May 25, 2009 at 2:57 pm
If one wants a Pilot for say MeathAir and given that she has the hours and the licenses. What extra info can you get from an interview.
It seems to me that one does not so much get a job with an interview as loose one. And one should always always look at the Christmas knees-up as a large part of the interview for the next promotion.
May 25, 2009 at 4:17 pm
I quite like doing interviews, both as panel member and as interviewee. As the latter, I don’t mind being asked ‘stock’ questions – I believe it’s up to the interviewee to show imagination in the answers! Nowadays, one usually allowed show a few overheads, which definitely makes it easier.
I also agree with Jilly – an interview is by far the best way for a panel to gauge how an applicant will appear to students…
May 26, 2009 at 1:37 pm
Cormac, you wrote: “I also agree with Jilly – an interview is by far the best way for a panel to gauge how an applicant will appear to students”.
I would be cautious with that, myself. The atmosphere at an interview, and the type of pressure which it imposes on the candidates, is generically different from what you experience at lectures. I’ve seen extremely good and confident lecturers fall apart in interviews. It’s one reason why I never become aggressive or unfriendly during an interview, nor will I allow anyone else to be.
May 26, 2009 at 2:34 pm
As someone who recently applied for a postgraduate course at DCU, I was amazed by the requirement for my date of birth and my age on the application form. I wondered why was this information requested.

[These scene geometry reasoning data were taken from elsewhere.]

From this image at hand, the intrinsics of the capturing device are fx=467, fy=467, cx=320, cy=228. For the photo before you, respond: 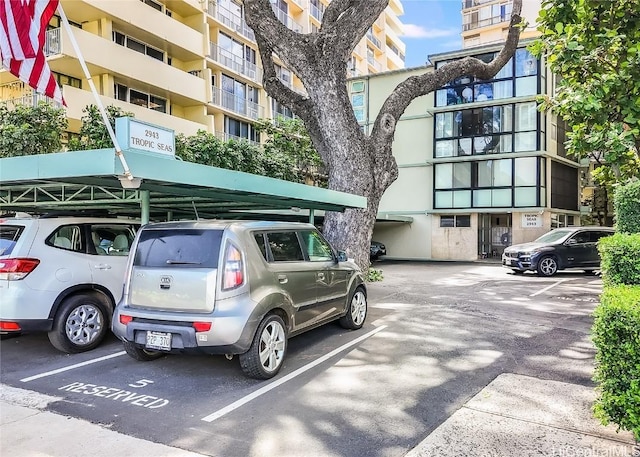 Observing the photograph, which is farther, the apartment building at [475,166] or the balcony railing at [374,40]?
the balcony railing at [374,40]

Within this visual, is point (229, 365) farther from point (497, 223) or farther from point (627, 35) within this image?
point (497, 223)

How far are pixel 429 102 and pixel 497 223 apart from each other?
7898 mm

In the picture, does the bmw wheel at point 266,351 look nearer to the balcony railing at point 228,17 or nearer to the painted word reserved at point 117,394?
the painted word reserved at point 117,394

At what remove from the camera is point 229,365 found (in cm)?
543

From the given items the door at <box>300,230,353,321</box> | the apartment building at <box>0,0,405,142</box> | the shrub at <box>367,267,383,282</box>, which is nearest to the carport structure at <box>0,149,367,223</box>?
the door at <box>300,230,353,321</box>

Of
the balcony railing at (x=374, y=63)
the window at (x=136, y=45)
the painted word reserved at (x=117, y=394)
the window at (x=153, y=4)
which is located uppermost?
the balcony railing at (x=374, y=63)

If I was applying for a job, an employer would not be permitted to ask for this information so why should DCU be allowed.

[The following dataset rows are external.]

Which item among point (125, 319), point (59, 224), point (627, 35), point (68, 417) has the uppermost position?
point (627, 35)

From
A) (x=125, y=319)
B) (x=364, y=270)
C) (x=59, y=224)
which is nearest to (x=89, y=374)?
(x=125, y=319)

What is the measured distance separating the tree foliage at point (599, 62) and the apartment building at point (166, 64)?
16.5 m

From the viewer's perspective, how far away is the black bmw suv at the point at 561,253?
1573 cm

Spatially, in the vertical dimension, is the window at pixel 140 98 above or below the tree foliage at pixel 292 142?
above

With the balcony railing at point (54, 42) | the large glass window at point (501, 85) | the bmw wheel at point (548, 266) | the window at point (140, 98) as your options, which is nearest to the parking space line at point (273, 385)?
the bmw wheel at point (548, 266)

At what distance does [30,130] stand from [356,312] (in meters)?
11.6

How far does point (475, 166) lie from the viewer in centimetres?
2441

As it stands, I did not succeed in getting a place on the postgraduate course due to my lack of relevant work experience. The latter statement amused me due to the fact I have approximately 20 years work experience.
May 28, 2009 at 8:09 pm
Yes, fair point – they are different skills.

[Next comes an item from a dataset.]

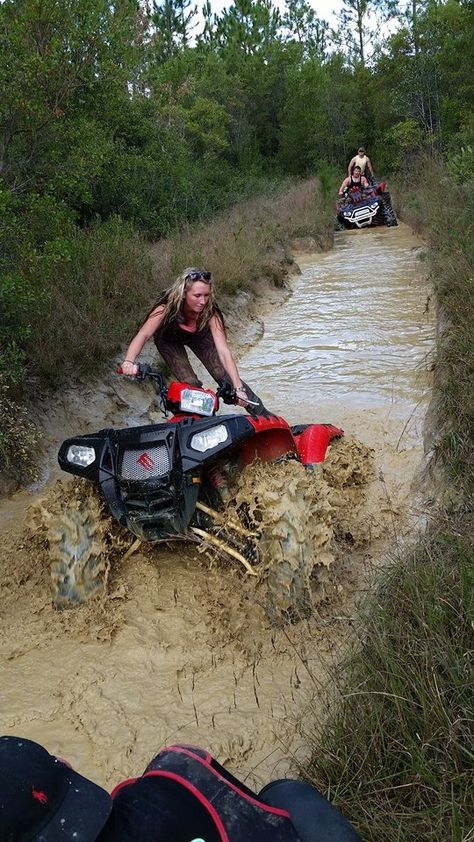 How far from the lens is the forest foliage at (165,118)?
4.87 m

I never think of an interview as being agressive, but now that I think of it, I remember being put off my stroke by a single one agressive panel member at UL..
May 30, 2009 at 4:31 pm
I have recently been diagnosed with Asperger’s Syndrome (high functioning autism), so this comment is written from an Autistic perspective. For many adults with AS, the interview process is a huge barrier to employment. The UK National Autistic Society states that only 12% of adults with AS are in full-time employment compared with 49% of people with other ‘disabilities’ and 81% of non-disabled people. http://www.nas.org.uk/nas/jsp/polopoly.jsp?d=528&a=4508
My own experience of interviews has not been particularly great. I find questions like: ‘So tell me about yourself’ very abstract and ‘What would you do if X happened’ very difficult to answer. Having AS is like being from a completely different planet, where I just don’t speak the same language as everyone else. It can be quite difficult trying to ‘sell’ myself, particularly as I find it quite difficult to verbalise my thoughts at the best of times. I don’t necessarily see interviews as the best way of measuring a candidate’s suitability for the job. From my own autistic perspective, I would hope that interviewers are very understanding and appreciate the fact that I communicate in a slightly different way to most other people. Ideally, I would hope to participate in a voluntary work-experience trial to assess my suitability for any jobs I plan to apply for in the future.